После Берлина немцы оставили пассажиров поезда в покое. Надо сказать, что в целом хозяева вели себя вполне достойно. Детям в поезд специально доставляли молоко, заботились о том, чтобы люди ехали в комфорте, и свято соблюдали условие — не вторгаться на территорию русских внутри вагона, отделенную от купе, в которых ехали сами немцы, начерченной мелом линией. Когда путешествие подходило к концу, немцы не могли нарадоваться, как все хорошо получилось, и уже готовились перебрасывать следующие партии русских революционеров через территорию Германии.
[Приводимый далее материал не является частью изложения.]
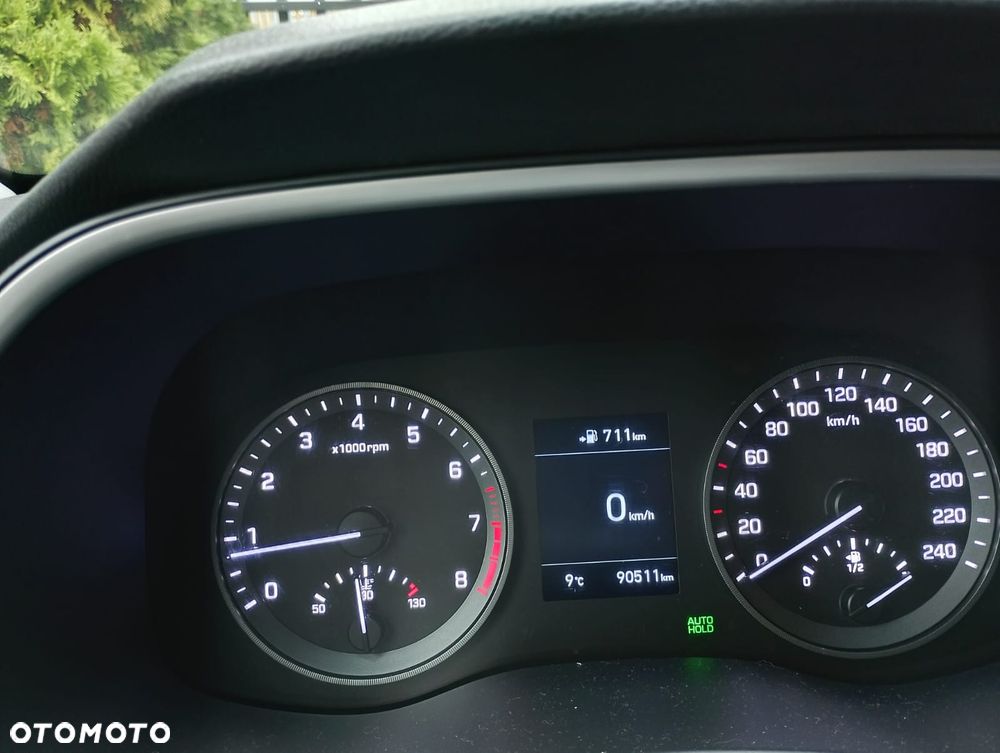 Hyundai Tucson - 8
Последнюю свою ночь на германской земле эмигранты провели в Заснице, действительно, как и было предусмотрено, под замком, в специально отведенном для них помещении. Наутро они погрузились на пароход, который должен был доставить их в Швецию.
Долгое, томительное путешествие в опечатанном вагоне закончилось.
Финляндский вокзал
Яков Ганецкий был человеком полезным во многих отношениях. Он был аккуратным корреспондентом Ленина, сообщавшим о происходивших событиях, умел задействовать нужных людей. Он родился в 1879 году в австрийской Галиции и в возрасте семнадцати лет вступил в социал-демократическую партию. Позже он участвовал в первых съездах в Стокгольме и в Лондоне в качестве делегата от Польши и Литвы. Ленин познакомился с ним в 1903 году, и Ганецкий сразу поразил его своим революционным пылом и увлеченностью конспиративной работой. Ленин назначил его иностранным корреспондентом от социал-демократической партии, аккредитованным в Стокгольме. В Швеции Ганецкий пропагандировал большевистские идеи и выполнял роль связного между Лениным и Россией. Дело в том, что из Швейцарии отправлять корреспонденцию прямо в Россию было невозможно. Зато ничто не мешало Ленину направлять письма в нейтральную Швецию; он знал, что дальше они точно будут отосланы в Петроград.